Required action —
Select every line below containing the word "Luxury".

Given records —
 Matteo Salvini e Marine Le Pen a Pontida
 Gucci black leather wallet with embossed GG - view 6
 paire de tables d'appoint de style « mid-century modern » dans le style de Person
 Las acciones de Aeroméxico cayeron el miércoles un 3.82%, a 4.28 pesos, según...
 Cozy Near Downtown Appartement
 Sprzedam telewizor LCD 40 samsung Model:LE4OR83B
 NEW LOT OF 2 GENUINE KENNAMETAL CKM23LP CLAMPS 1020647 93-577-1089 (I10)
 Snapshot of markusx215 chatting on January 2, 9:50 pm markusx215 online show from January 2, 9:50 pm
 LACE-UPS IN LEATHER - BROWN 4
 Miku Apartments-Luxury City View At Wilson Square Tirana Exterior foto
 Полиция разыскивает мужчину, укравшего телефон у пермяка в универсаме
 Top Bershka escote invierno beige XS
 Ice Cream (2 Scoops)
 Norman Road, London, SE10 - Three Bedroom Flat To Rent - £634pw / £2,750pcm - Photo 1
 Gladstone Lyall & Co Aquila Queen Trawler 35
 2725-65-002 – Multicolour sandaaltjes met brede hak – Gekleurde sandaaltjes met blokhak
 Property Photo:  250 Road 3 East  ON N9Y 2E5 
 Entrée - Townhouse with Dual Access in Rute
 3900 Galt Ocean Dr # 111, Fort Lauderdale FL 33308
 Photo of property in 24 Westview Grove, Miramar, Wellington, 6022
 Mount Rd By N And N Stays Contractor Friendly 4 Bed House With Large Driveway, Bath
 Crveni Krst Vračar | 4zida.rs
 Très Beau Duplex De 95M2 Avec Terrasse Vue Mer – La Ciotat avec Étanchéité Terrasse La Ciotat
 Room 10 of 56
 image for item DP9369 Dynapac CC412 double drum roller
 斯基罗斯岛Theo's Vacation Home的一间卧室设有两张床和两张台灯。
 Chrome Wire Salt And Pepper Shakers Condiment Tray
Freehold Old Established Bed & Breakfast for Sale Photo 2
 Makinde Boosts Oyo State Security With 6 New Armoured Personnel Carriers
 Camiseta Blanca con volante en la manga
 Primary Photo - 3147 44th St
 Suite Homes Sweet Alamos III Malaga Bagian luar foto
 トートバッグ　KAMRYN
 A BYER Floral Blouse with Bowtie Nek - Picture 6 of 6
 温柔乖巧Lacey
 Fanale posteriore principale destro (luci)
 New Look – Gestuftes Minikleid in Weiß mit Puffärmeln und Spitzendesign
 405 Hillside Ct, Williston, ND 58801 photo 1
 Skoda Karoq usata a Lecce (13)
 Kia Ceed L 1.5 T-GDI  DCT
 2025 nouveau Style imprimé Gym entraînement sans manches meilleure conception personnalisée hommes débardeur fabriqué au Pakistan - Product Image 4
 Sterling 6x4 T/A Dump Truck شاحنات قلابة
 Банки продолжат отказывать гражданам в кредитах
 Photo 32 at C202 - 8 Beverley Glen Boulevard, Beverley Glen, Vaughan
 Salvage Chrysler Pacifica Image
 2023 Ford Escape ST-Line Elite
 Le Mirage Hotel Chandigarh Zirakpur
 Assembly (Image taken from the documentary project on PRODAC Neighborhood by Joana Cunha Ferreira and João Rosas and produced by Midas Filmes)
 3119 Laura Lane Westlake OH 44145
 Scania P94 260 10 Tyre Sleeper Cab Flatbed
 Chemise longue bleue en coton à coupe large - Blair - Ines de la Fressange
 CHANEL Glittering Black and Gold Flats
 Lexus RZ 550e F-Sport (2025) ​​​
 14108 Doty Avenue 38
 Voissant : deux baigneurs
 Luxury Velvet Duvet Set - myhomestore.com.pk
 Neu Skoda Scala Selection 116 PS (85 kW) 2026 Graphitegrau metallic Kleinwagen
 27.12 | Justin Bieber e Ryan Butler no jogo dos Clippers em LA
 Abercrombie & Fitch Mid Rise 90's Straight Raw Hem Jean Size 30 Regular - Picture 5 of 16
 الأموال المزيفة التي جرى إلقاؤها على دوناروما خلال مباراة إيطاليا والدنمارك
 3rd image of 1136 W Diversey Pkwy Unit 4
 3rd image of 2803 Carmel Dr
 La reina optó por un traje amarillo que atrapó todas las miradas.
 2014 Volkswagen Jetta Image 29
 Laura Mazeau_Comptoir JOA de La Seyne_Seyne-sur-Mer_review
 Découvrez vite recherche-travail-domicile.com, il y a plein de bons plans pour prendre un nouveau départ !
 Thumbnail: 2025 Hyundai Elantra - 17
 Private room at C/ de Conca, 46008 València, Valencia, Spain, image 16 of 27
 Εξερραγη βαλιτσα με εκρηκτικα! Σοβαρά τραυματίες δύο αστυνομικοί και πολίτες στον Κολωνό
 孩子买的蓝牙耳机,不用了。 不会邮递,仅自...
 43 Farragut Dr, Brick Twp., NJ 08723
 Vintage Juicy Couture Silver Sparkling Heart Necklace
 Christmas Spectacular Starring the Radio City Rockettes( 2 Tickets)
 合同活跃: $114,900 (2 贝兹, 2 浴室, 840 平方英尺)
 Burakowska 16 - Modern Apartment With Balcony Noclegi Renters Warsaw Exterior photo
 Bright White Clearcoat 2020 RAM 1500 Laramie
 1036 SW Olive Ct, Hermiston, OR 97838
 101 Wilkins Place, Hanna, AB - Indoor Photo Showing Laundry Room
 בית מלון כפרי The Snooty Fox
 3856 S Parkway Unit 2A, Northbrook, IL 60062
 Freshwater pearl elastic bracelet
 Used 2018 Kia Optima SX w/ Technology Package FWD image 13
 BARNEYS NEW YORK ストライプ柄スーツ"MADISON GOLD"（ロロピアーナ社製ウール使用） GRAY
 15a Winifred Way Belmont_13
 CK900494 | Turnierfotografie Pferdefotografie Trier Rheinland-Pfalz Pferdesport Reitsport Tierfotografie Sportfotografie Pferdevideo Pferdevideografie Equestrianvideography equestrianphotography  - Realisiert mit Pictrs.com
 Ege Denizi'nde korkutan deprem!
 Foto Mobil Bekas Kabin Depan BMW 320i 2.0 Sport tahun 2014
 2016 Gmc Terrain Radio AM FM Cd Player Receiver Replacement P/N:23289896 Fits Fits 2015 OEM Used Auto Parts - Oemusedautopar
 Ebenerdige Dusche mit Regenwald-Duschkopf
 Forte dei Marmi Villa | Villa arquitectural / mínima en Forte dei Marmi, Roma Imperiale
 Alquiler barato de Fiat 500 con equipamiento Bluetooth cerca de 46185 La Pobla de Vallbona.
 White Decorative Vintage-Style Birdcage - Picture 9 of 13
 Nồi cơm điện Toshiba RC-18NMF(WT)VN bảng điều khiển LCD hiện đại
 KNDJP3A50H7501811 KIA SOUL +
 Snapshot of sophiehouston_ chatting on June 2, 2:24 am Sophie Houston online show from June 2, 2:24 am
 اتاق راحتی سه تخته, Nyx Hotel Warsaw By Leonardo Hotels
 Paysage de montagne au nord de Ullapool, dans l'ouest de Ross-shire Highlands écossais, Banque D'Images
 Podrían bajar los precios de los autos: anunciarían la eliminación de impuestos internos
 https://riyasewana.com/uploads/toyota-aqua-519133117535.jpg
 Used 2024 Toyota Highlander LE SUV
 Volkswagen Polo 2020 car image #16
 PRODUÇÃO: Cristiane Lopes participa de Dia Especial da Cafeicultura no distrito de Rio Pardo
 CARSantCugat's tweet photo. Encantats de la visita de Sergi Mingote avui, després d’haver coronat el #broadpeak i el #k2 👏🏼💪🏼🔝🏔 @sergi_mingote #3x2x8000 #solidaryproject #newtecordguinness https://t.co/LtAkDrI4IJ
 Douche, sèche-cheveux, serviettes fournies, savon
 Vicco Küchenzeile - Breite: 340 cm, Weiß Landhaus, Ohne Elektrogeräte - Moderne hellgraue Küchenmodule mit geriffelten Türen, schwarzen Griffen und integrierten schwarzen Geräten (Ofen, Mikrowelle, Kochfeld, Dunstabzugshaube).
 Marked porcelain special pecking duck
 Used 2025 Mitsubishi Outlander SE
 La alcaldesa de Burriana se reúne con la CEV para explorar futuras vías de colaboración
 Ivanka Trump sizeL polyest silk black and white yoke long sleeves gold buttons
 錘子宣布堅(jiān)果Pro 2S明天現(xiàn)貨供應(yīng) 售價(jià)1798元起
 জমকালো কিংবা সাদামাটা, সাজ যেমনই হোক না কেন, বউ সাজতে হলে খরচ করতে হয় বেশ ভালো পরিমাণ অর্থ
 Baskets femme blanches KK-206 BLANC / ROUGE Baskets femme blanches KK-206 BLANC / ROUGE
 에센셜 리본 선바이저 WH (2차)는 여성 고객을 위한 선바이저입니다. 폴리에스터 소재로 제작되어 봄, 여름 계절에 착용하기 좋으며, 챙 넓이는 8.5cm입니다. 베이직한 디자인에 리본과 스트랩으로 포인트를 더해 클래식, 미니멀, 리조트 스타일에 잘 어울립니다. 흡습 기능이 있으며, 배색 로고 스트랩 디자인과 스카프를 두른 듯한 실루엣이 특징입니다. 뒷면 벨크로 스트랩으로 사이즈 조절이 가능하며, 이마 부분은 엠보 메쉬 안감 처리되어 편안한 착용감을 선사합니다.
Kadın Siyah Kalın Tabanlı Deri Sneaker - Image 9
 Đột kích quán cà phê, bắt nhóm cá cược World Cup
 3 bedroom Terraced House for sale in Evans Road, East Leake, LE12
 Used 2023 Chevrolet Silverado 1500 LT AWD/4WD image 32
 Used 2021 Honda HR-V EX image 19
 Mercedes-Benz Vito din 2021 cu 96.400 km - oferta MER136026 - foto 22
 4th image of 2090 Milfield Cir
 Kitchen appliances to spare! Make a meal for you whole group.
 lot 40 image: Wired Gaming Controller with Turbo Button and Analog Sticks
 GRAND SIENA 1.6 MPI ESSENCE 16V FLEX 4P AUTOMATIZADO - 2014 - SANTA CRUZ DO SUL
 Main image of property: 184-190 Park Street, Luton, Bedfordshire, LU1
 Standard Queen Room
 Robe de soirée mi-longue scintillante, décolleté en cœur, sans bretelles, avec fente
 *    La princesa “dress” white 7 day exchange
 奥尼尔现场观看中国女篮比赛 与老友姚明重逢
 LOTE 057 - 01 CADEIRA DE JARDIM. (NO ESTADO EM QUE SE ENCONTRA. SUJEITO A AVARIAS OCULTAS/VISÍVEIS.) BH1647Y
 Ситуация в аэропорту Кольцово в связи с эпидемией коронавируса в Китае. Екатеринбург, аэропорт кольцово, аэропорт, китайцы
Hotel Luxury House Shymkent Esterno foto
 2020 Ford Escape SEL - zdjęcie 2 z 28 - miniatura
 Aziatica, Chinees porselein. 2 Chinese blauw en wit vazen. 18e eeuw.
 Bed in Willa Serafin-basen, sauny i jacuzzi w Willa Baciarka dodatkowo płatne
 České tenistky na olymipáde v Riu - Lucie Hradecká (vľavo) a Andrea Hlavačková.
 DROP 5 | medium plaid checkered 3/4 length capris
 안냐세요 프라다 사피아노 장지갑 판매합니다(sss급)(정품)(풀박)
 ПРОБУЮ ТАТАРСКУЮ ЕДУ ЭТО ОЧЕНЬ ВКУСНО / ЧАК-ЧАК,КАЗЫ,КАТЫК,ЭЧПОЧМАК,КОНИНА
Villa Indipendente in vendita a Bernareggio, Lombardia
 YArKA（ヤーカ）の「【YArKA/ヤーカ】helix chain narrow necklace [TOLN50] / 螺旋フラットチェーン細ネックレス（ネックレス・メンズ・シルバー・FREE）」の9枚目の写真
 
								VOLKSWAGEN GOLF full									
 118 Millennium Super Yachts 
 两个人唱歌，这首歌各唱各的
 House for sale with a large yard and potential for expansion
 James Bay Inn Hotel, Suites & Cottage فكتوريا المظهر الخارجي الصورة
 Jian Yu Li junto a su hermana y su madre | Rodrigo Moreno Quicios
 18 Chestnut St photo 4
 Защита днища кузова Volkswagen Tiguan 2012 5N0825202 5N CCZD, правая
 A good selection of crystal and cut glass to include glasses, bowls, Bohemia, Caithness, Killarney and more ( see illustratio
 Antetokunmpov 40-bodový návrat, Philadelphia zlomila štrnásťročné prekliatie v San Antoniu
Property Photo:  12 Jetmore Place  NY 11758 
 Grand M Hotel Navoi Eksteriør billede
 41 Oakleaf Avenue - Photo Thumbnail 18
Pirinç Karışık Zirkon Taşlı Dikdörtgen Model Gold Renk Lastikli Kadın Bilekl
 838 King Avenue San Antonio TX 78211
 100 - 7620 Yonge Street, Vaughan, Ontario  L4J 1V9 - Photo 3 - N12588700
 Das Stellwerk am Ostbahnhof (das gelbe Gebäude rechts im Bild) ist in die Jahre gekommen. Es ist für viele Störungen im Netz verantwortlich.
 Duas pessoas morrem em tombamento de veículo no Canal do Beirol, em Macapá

Answer box —
 Miku Apartments-Luxury City View At Wilson Square Tirana Exterior foto
 Luxury Velvet Duvet Set - myhomestore.com.pk
Hotel Luxury House Shymkent Esterno foto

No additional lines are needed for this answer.